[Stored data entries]
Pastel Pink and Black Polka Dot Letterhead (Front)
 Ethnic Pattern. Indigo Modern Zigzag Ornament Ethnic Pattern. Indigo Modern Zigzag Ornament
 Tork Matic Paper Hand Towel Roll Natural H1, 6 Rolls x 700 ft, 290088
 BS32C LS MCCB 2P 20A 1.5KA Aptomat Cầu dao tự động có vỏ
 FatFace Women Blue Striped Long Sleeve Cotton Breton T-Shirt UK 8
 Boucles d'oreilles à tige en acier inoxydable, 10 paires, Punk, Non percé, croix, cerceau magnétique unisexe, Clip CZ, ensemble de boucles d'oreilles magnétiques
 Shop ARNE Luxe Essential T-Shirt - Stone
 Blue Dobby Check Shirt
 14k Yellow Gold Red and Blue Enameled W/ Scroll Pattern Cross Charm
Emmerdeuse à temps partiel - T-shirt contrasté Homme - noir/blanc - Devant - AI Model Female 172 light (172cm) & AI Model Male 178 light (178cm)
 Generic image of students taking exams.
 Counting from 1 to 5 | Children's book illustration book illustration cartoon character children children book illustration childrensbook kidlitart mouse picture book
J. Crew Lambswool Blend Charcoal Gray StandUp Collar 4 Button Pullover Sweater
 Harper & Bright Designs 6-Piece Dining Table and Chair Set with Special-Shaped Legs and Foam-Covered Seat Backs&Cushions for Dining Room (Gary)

• **What you should do**
Every entry is to be retyped word for word.

• **Response for this exercise**
Pastel Pink and Black Polka Dot Letterhead (Front)
 Ethnic Pattern. Indigo Modern Zigzag Ornament Ethnic Pattern. Indigo Modern Zigzag Ornament
 Tork Matic Paper Hand Towel Roll Natural H1, 6 Rolls x 700 ft, 290088
 BS32C LS MCCB 2P 20A 1.5KA Aptomat Cầu dao tự động có vỏ
 FatFace Women Blue Striped Long Sleeve Cotton Breton T-Shirt UK 8
 Boucles d'oreilles à tige en acier inoxydable, 10 paires, Punk, Non percé, croix, cerceau magnétique unisexe, Clip CZ, ensemble de boucles d'oreilles magnétiques
 Shop ARNE Luxe Essential T-Shirt - Stone
 Blue Dobby Check Shirt
 14k Yellow Gold Red and Blue Enameled W/ Scroll Pattern Cross Charm
Emmerdeuse à temps partiel - T-shirt contrasté Homme - noir/blanc - Devant - AI Model Female 172 light (172cm) & AI Model Male 178 light (178cm)
 Generic image of students taking exams.
 Counting from 1 to 5 | Children's book illustration book illustration cartoon character children children book illustration childrensbook kidlitart mouse picture book
J. Crew Lambswool Blend Charcoal Gray StandUp Collar 4 Button Pullover Sweater
 Harper & Bright Designs 6-Piece Dining Table and Chair Set with Special-Shaped Legs and Foam-Covered Seat Backs&Cushions for Dining Room (Gary)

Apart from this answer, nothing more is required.